DATA EXCERPT:
————

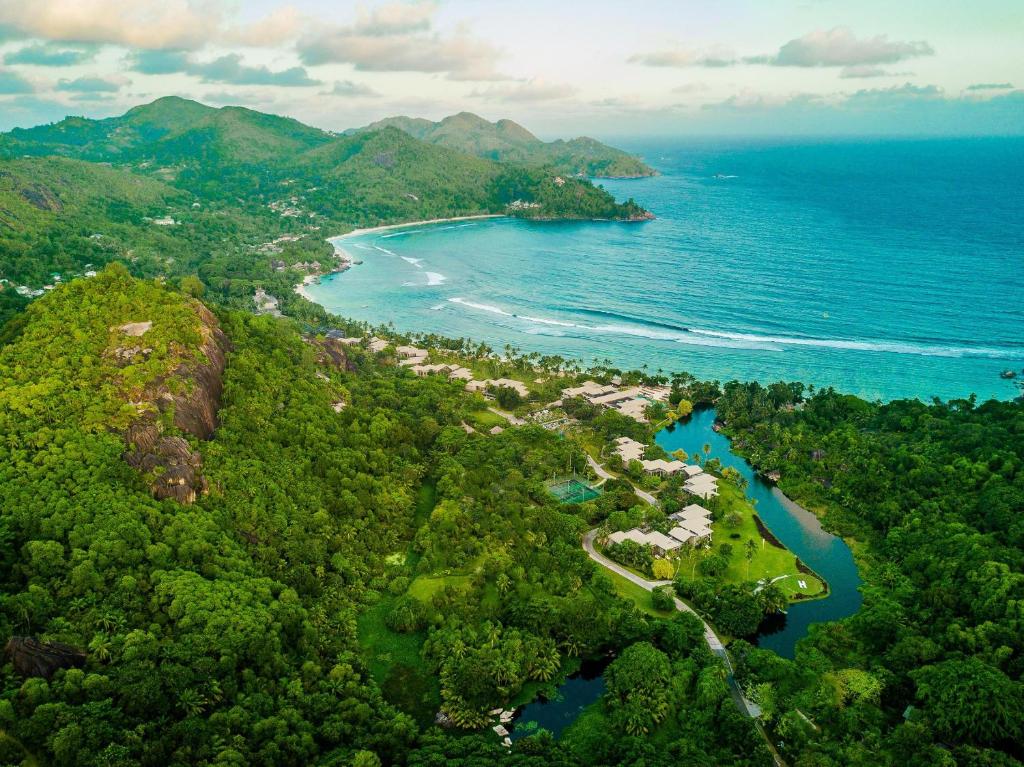 Kempinski Seychelles Resort piekrastē starp zaļiem kalniem un tirkīzzilo okeānu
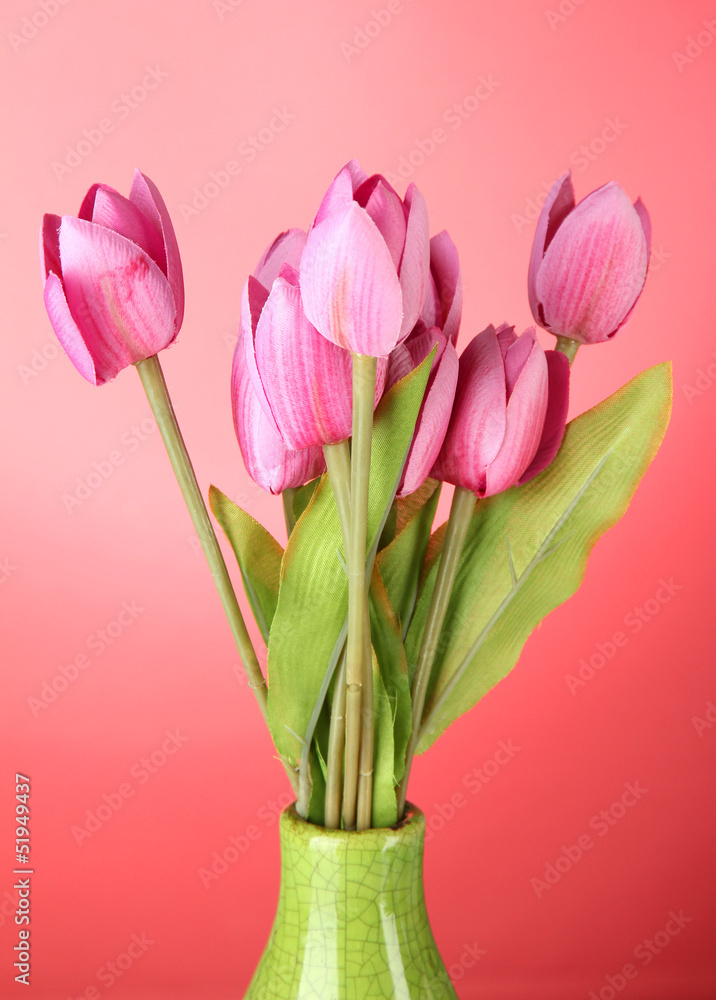 Beautiful bouquet of pink tulips in vase, on red background Beautiful bouquet of pink tulips in vase, on red background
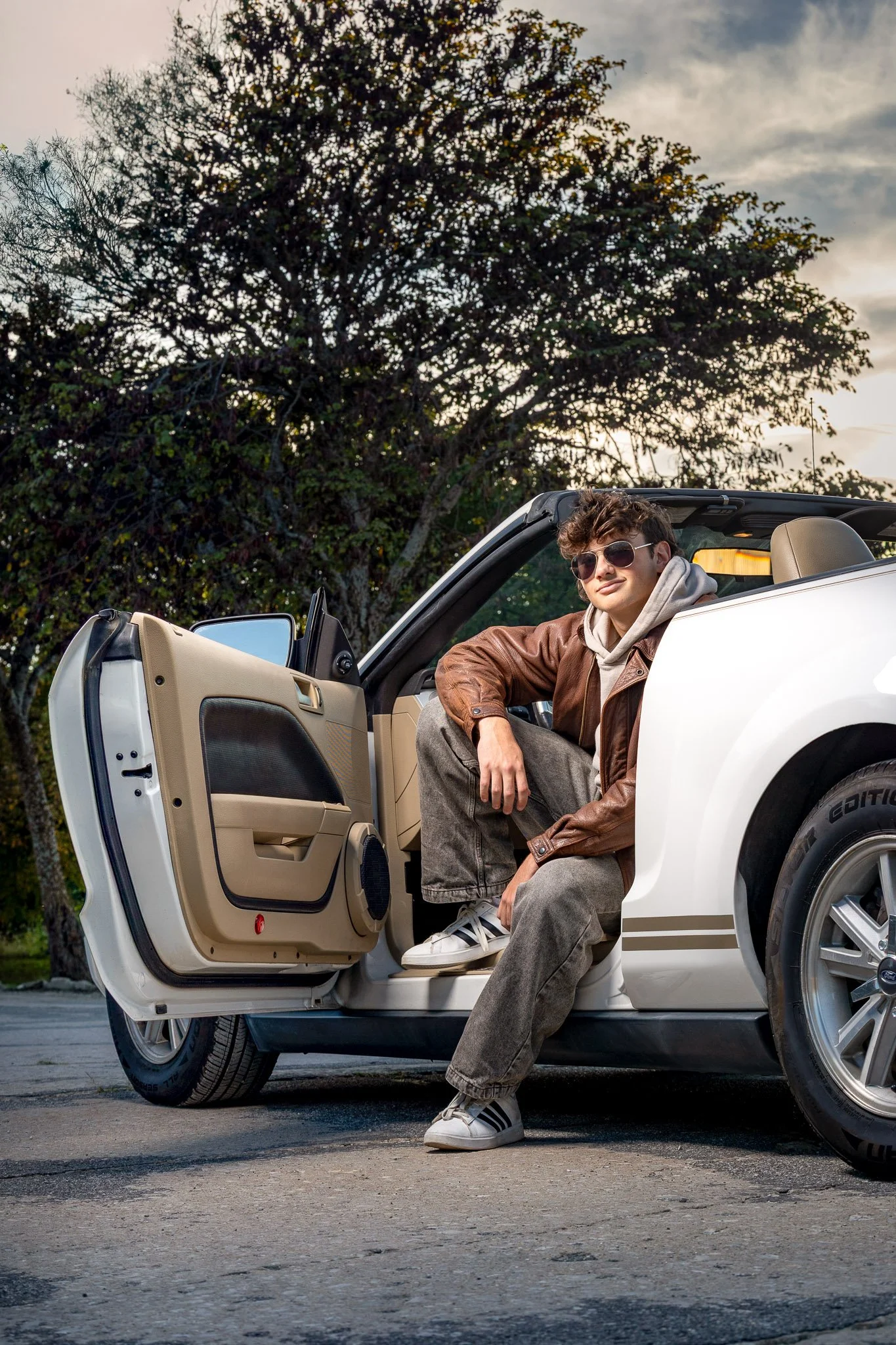 A high school senior sitting in the open door of a white convertible car, wearing sunglasses, a brown leather jacket, a hoodie, gray pants, and sneakers, with a tree and cloudy sky in the background.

————

WORK ORDER: From the first line of the material to the last, retype everything exactly except the images.

SOLUTION BELOW:
 Kempinski Seychelles Resort piekrastē starp zaļiem kalniem un tirkīzzilo okeānu
 Beautiful bouquet of pink tulips in vase, on red background Beautiful bouquet of pink tulips in vase, on red background
 A high school senior sitting in the open door of a white convertible car, wearing sunglasses, a brown leather jacket, a hoodie, gray pants, and sneakers, with a tree and cloudy sky in the background.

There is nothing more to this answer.